On a dit par-tout avec raison, on a répété depuis long-temps qu’il y avoit le plus grand danger à s’emparer des Tragédies de nos grands Maîtres, pour les transformer sur le Scène de l’Opéra. Quoiqu’on soit obligé de donner au nouveau Poëme une marche différente, on ne peut jamais s’éloigner assez des idées du Poëte qu’on imite, pour ne pas les rappeler souvent. Si on lui prend ses vers, tels qu’ils sont, nécessairement on les défigure, tant les formes que la musique exige, tant par le voisinage de ceux qu’on est obligé d’y ajouter. Si on s’en tient à ses idées ; ces idées font renaître dans la tête de tout le monde, qui les sait par cœur, les beaux vers qui ont servi à les exprimer. Quel est l’homme aujourd’hui qui peut se croire en état de soutenir cette lutte, sur-tout lorsque Racine est le modèle qu’il a choisi ? Nous ajouterons même que quand l’imitateur a dans son style une sorte d’élégance, de la grace, de la facilité, cette rivalité n’en est que plus dangereuse, en ce qu’il invite davantage à la comparaison. C’est ce qui est arrivé à l’Auteur de Phèdre. Sa poésie a paru douce, agréable, facile, mais obligé souvent d’exprimer les mêmes idées que Racine, ses vers n’ont pu se soutenir à côté de ceux d’un pareil rival. Nous ne croyons pas avoir besoin d’étayer cette vérité par des citations. Nous ne pensons pas que M. *** lui-même la révoque en doute, ni qu’il ait eu la prétention de l’emporter sur son modèle. Au-dessous de Racine il est encore des places qu’on peut être flatté d’occuper.

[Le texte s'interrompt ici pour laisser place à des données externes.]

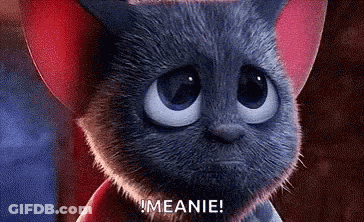 Sad Cartoon Cat Meanie GIF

Au reste, ce désavantage n’est guères sensible qu’à la lecture, il influe fort peu sur le succès de la représentation. Ce qui nuit davantage au nouvel Opéra, c’est la lenteur avec laquelle sont conçues quelques Scènes ; c’est qu’il manque souvent de ces oppositions si nécessaires à la musique, & que de ce défaut résulte une monotonie qui, au milieu des plus belles choses, inspire la distraction, le refroidissement & l’ennui. Nous en citerons des exemples. Hyppolite ouvre la Scène : il part pour la chasse ; & comme Diane est sa Déesse tutélaire, il lui adresse un hymne, répété par ses compagnons :

O Diane ! chaste Déesse, &c.

La même Scène en contient un autre, ou, si l’on veut, une prière.

Déesse des bocages,
Appelle les Zéphyrs,
Défends aux noirs orages
De troubler nos plaisirs.

La Scène troisième commence par un hymne à Vénus :

Divine Cithérée, &c.

chanté par la Cour de Phèdre, puis celui-ci, chanté par les Prêtresses :

Vénus, du haut des cieux, &c.

Puis dans la même Scène, lorsque Phèdre indiscrètement a prononcé le nom de Diane, ses femmes adressent encore une prière à Vénus :

Pardonne-lui, Déesse tutélaire, &c.

Hyppolite, au troisième Acte, adresse encore une prière à Diane & une invocation à l’Amitié ; Thésée en fait une à Neptune.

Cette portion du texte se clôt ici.